From the Practice bank: Clear, hold, build West Yorkshire Police
This initiative, captured in the College of Policing Practice bank, provides a framework for bringing serious and organised crime group threats into neighbourhood policing. West Yorkshire Police focused on an area in Bradford, the BD3 postcode, which includes the wards with the highest harm scores in West Yorkshire, measured by the Managing of Risk in Law Enforcement (MoRiLE score), high numbers of organised crime groups operating out of the area and high levels of deprivation. The area was hostile to traditional policing, with low reporting to the police and low confidence and trust in the police. To reduce the activity of organised crime in the area and improve community safety and confidence in the police, West Yorkshire Police launched three phases of activity under the headings of clear, hold and build. Beginning in 2020, they first they targeted organised crime gangs, they then worked to ensure spaces remained safe through stopping other gangs capitalising on the vacuum created.
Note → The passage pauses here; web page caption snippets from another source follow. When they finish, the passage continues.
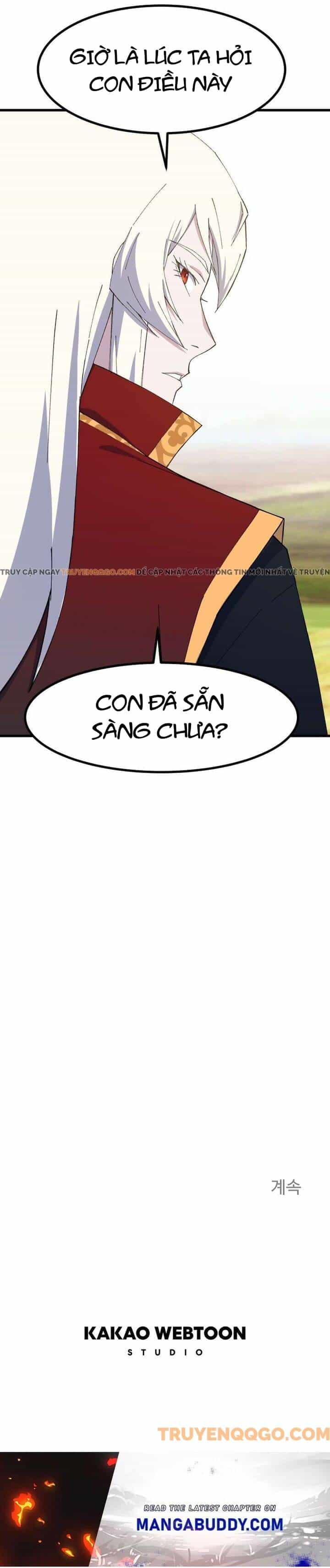 Đại Cao Thủ - Chương 90 - ảnh 11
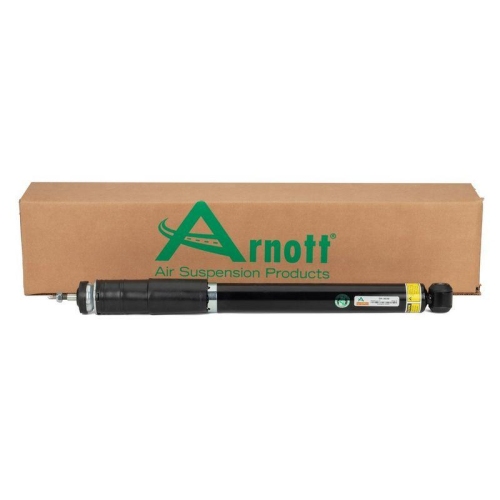Arnott Sto&szlig;d&auml;mpfer SK-3039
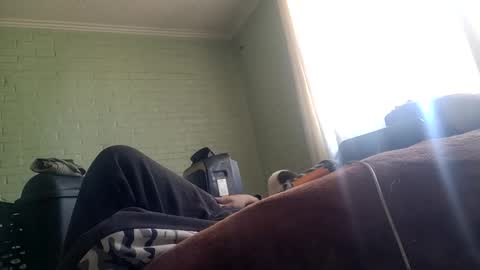 tab7exp online show from 30, 3, 2026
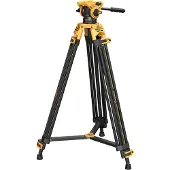 SmallRig 5523 Ad-01 Stativ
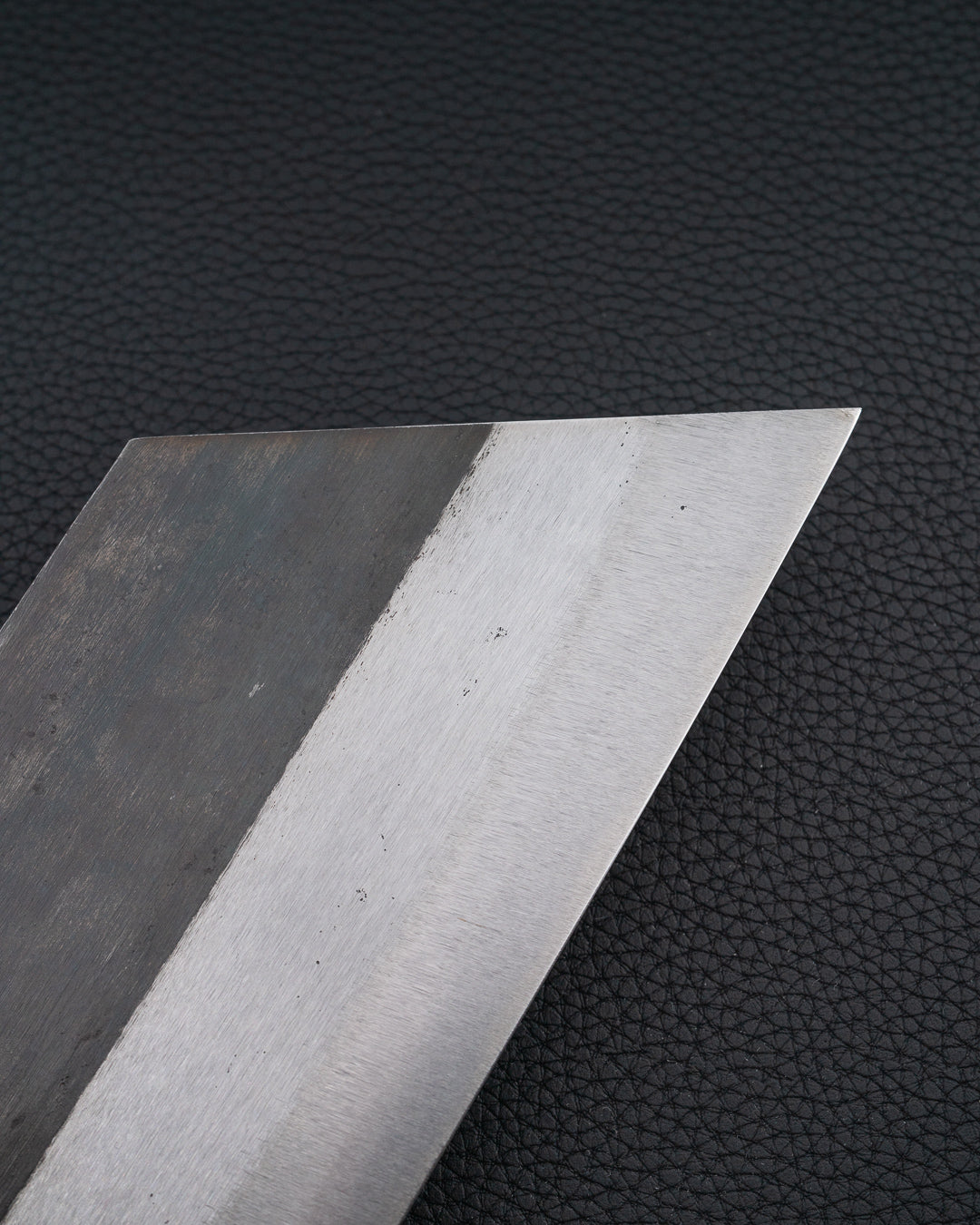 CCK Cleaver "Shibata Special" Bunka 210 mm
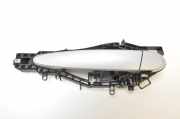 Türaußengriff hinten links BMW 3 Gran Turismo (F34) 335 d xDrive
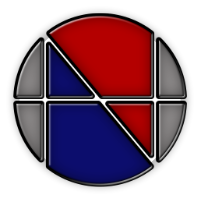 neuralaxon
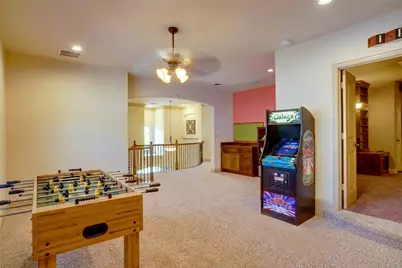 308 Parke Hollow Drive, Wylie, TX 75098 - Photo 18
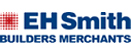 ehsmith.jpg Logo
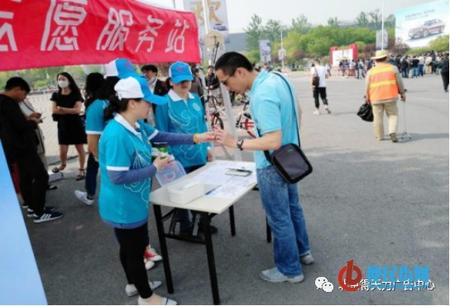 PG电子游戏·(中国)官方网站APP下载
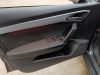 Ibiza 1.0 TSI 110CH FR detail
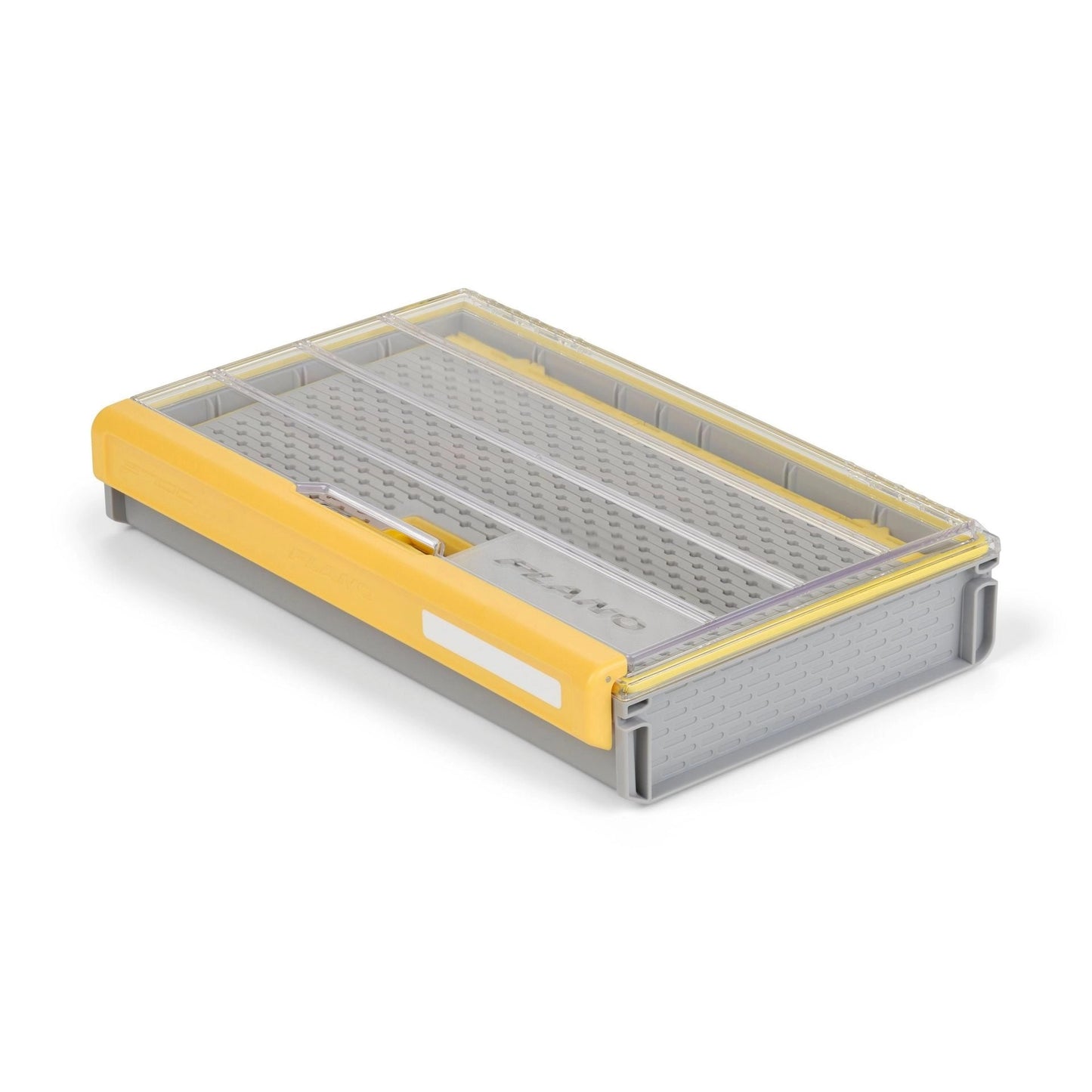 PlanoEDGE®HookBox3700™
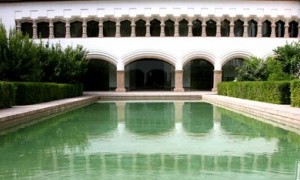 Visitas para adultos en el Museo de Santa Clara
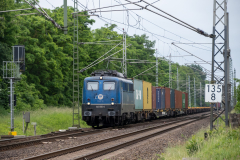 SMM_4307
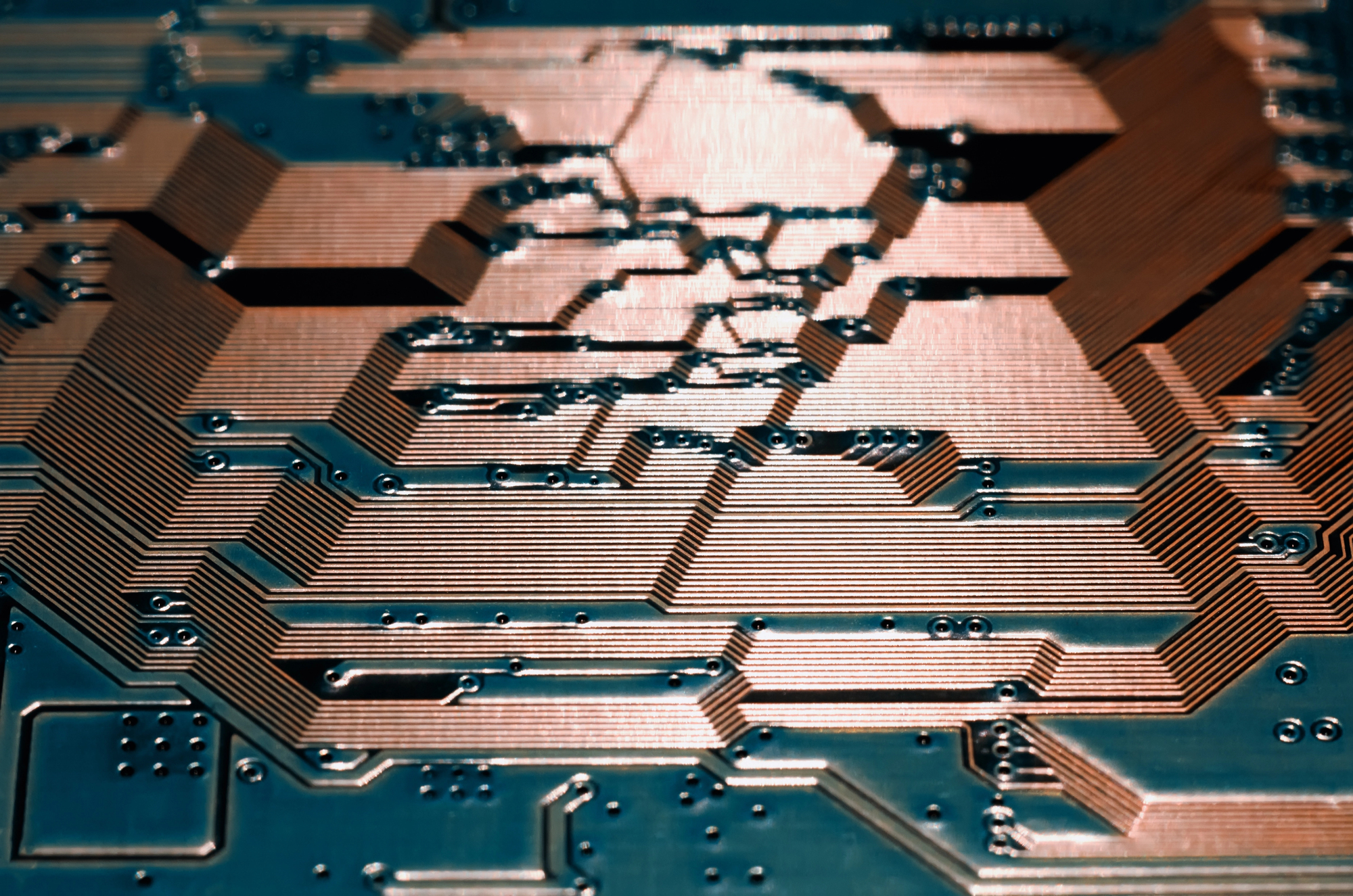 מטלורגיה. אילוסטרציה: depositphotos.com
They then used a whole system approach, working with the community, to tackle the drivers of crime. In the Bradford BD3 area, the crime severity score monitoring showed a 37% reduction over six months. There was also a 30% reduction in serious violence offences, a 20% reduction in drug offences and a reduction in MoRiLE threat scores for the locations. Relationships between the police and the community have improved – the community feels the police are more accessible. This has built confidence about reporting intelligence through the partnership portal. The initiative was used as pilot proof of concept by the Home Office and similar initiatives are being rolled out nationally. The practice bank also draws out key learning drawn from the pilot for those seeking to replicate it.